For PCHTR, when the residual correlation was positive, its power was higher than that of UHTR. In contrast, when the residual correlation coefficient was negative, the first PC contains no information regarding locus effects, consequently it had largely decreased power that actually approached type-I error rates (refer to Appendix I for detailed explanation). When only one phenotype was associated with the causal site, the power of PCHTR had a trend of decreasing with a rising absolute value of residual correlation from 0 to 0.9, regardless of its direction. This may be because the contribution of the first PC increased with a rising absolute value of residual correlation from 0 to 0.9, which results in a decrease of the proportion of the total variance attributable to the causal SNP. In conclusion, in most real applications where no prior knowledge on the relative direction between major-gene correlation and residual correlation is available, we suggest a cautious approach when using principal components to analyze data, since this may result in a great loss of power.

A very real topic of concern when parametrically modeling a multivariate distribution is misspecification of the variance/ covariance matrix. Four kinds of variance-covariance structures are commonly modeled when analyzing multivariate phenotypes: autoregressive, exchangeable, independent and unstructured. Which kind of structure is preferable depends on the context of the data set. For example, for repeatedly measured phenotypes, autoregressive structure is a reasonable approximation. For data sets without prior knowledge on the relationship between phenotypes, an unstructured approach can be used in which the variance/covariance matrix is estimated empirically from the sample. In this study, we evaluated the performance of the proposed approach when applied to data sets with three phenotypes in order to investigate the influence of misspecification of variance/covariance structure. The simulation results showed that the model in which variance/covariance structure was correctly specified had the highest power; misspecification of the model could cause some loss of power. Without specifying any form of variance-covariance matrix, an unstructured model had power estimates that approximated those attained under correct models for all simulations.

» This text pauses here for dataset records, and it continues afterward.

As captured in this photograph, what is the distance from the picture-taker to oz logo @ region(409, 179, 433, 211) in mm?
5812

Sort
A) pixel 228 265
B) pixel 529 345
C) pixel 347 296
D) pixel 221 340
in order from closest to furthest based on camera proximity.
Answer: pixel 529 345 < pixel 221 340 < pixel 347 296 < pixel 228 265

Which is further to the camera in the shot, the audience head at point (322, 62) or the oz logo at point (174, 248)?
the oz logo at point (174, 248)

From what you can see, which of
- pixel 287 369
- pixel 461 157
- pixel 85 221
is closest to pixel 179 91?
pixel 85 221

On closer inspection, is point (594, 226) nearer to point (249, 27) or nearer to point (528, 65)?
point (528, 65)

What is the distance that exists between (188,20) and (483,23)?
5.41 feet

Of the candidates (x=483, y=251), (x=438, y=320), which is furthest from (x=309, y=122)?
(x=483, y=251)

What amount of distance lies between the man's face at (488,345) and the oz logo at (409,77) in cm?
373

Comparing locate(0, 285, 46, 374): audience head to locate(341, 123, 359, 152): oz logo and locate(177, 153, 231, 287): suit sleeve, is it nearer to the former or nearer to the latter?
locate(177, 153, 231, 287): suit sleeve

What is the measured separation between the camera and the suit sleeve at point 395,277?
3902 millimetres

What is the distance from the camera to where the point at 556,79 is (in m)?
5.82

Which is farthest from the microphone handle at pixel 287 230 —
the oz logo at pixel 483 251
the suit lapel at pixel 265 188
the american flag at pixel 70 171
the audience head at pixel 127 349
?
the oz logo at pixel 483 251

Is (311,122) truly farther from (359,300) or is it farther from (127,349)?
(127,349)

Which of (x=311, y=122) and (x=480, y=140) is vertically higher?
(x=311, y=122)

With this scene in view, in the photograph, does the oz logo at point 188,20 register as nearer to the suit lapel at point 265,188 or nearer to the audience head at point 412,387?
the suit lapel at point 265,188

As it is still a common issue to reach the global maximum of the likelihood when the number of parameters is large, we suggest our proposed approach be applied to data sets with a moderate number of phenotypes and window sizes. One potential improvement of the method is grouping of ‘similar’ haplotype categories to reduce the number of parameters that need to be estimated. Several haplotype clustering methods have been proposed (Waldron et al., 2006; Browning & Browning, 2007) and further studies are needed to incorporate these methods into BHTR to improve power.

Appendix I

To interpret such varying performance of PC-based tests when in different patterns of correlation, we provide the following analytical explanation (for bivariate phenotypes).

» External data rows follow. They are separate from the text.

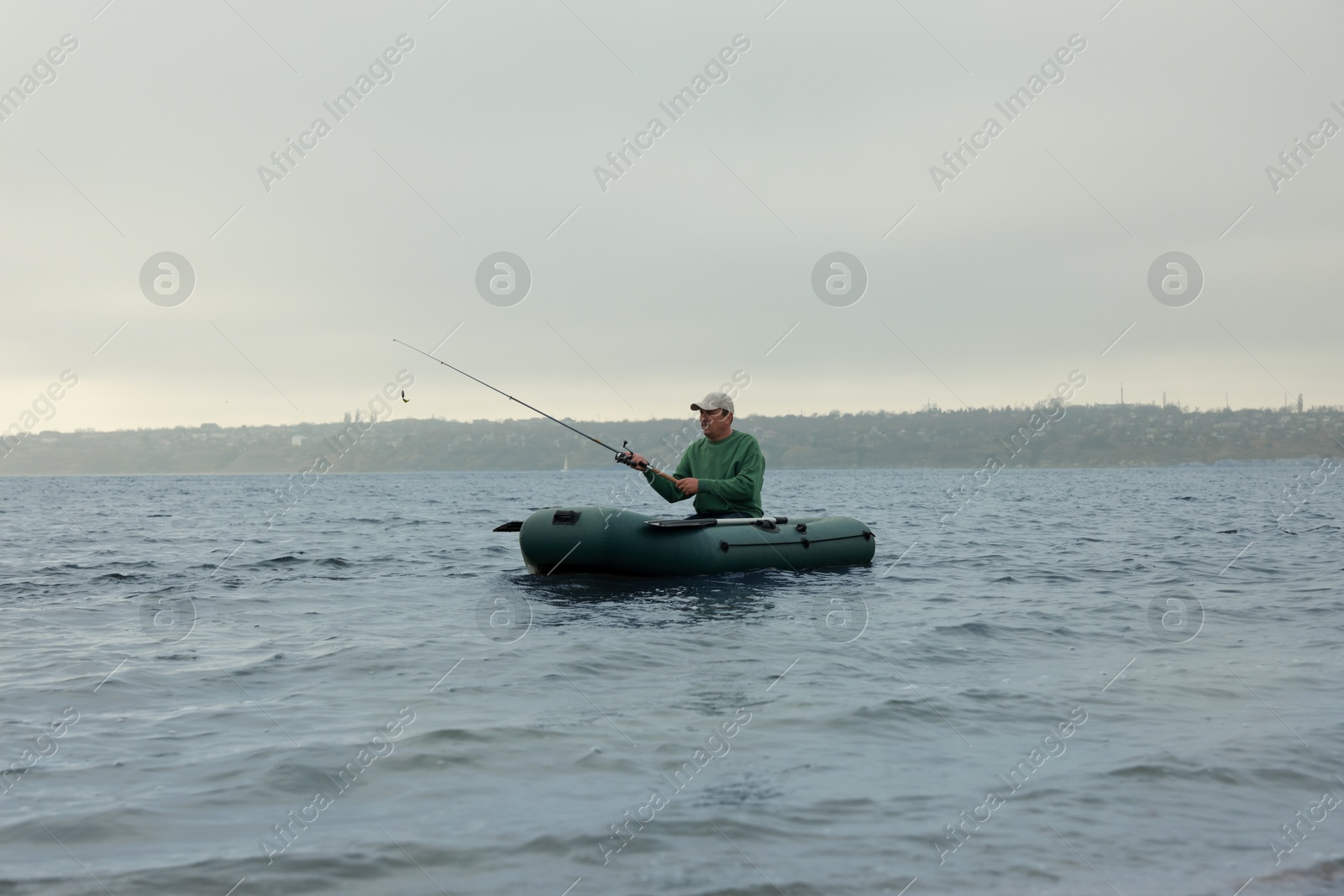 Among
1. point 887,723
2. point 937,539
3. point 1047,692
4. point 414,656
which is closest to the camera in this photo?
point 887,723

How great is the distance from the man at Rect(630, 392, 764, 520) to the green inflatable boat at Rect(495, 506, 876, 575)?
1.35 ft

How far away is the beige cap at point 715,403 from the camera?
12359mm

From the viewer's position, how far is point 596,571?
12.1 metres

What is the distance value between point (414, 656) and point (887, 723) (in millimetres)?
4025

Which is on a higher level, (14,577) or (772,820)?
(14,577)

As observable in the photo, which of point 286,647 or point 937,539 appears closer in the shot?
point 286,647

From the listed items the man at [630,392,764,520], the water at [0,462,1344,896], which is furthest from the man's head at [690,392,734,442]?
the water at [0,462,1344,896]

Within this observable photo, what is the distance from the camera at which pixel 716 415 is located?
12.3 meters

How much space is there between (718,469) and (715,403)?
0.87 m

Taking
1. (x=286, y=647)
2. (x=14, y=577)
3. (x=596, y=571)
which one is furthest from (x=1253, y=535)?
(x=14, y=577)

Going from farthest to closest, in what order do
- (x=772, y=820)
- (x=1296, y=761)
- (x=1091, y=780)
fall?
1. (x=1296, y=761)
2. (x=1091, y=780)
3. (x=772, y=820)

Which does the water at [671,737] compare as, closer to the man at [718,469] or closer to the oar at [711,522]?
the oar at [711,522]

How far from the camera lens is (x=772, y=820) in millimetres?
4766

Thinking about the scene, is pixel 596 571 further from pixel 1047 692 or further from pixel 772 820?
pixel 772 820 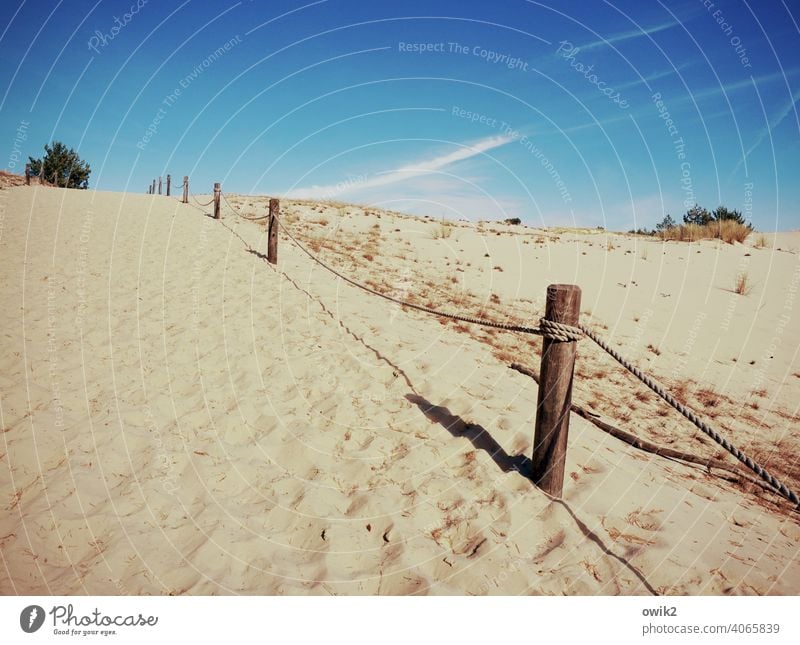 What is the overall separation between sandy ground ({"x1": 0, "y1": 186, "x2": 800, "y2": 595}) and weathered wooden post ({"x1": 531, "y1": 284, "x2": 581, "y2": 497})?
181mm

By omitting phenotype means and covariate effects, we rewrite the linear models underlying our simulations

$$\begin{array}{c}{y}_1=x+{\epsilon }_1\hfill \\ y_2=x+{\epsilon }_2\hfill \end{array},$$

where x denote locus effects, and ε₁ and ε₂ are residuals (locus effects contribute equally to both traits in our simulations). Also, var(ε₁) = var(ε₂) = var(ε). The first principal component, y_pc = a ₁ y₁ + a ₂ y₂, is the combination of the two phenotypes that accounts for the maximal amount of phenotypic variation under the condition $a_1^2+a_2^2=1$ . After some manipulation, it can be shown that

$$\begin{array}{cc}\text{var}(y_{\mathit{\text{pc}}})\hfill & =\text{var}(x)+\text{var}(\epsilon )+[2\text{var}(x)+2\rho \text{var}(\epsilon )]a_1{a}_2\hfill \\ \hfill & \approx \text{var}(x)+\text{var}(\epsilon )+2\rho a_1{a}_2\text{var}(\epsilon ),\hfill \end{array}$$

since |ρvar(ε)| ≥ 0.3 × 0.975 var(y_pc) ≈ 0.3 var(y_pc) ≫ 2 var(x) = 0.05 var(y_pc).

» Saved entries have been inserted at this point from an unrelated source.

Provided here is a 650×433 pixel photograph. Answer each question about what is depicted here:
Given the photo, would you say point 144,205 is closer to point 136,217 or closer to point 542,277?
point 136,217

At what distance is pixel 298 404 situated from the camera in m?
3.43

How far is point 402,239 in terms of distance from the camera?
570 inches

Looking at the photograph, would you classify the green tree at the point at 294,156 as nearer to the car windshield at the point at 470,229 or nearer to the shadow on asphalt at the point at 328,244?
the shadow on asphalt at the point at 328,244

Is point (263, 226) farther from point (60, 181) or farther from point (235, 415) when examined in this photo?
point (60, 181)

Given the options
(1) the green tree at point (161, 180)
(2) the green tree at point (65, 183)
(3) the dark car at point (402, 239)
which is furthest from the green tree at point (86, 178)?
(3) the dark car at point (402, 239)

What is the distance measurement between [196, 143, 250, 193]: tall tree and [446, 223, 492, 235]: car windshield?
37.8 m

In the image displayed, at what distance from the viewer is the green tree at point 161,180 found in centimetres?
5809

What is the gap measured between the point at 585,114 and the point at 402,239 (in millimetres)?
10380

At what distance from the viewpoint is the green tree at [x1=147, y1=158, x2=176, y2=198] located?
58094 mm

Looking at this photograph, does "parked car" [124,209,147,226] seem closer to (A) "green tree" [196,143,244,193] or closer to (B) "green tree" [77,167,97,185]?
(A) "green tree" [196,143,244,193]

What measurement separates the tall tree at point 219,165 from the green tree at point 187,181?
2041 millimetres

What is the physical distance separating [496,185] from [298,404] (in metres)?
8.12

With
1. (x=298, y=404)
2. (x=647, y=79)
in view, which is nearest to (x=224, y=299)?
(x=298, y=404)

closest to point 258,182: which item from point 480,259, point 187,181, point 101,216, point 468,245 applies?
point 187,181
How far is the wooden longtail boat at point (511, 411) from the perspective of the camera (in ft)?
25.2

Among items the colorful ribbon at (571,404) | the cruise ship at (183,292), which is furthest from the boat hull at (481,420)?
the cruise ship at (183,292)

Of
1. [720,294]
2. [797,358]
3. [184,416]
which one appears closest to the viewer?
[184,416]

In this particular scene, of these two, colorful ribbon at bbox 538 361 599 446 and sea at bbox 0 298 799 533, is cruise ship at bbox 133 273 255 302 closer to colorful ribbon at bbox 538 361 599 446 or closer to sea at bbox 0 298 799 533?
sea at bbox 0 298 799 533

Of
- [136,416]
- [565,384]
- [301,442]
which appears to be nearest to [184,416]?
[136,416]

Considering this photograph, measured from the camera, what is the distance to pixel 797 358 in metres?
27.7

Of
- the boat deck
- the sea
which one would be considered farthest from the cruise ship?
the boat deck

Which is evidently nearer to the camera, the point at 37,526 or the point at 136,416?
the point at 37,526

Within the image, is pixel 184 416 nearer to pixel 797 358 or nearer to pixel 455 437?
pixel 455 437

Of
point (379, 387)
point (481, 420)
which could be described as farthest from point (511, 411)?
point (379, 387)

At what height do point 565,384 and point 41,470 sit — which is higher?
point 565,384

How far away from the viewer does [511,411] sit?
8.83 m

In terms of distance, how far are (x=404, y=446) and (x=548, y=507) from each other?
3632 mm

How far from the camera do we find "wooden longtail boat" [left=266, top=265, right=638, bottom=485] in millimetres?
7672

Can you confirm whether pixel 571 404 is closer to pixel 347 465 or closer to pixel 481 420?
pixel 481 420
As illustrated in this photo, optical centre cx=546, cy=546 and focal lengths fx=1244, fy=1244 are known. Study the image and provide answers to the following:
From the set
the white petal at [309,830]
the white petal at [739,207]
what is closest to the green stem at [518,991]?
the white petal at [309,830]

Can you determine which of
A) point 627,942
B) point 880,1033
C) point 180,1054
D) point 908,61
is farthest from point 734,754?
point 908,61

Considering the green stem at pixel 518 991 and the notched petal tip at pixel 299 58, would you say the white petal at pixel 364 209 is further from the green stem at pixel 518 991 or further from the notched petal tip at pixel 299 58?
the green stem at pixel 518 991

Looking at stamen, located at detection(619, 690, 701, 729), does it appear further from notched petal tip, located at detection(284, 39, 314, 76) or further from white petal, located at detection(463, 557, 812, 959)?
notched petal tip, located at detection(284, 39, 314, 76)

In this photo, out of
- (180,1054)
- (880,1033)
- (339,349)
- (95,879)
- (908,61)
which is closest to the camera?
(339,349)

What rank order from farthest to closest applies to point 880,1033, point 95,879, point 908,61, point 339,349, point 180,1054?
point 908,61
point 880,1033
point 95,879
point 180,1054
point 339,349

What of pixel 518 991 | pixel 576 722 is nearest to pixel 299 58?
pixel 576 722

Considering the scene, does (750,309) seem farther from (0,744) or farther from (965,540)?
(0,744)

When ρ > 0, var(y_pc) is maximized at $a_1=a_2=\sqrt{2}/2$ , in which case the principal component is the sum of the two phenotypes, and should perform well. When ρ < 0, on the other hand, var(y_pc) is maximized at $a_1=-a_2=\sqrt{2}/2$ . Then, y_pc = a ₁ (ε₁ − ε₂), which contains no information regarding locus effects; consequently it had largely decreased power that actually approached type-I error rates.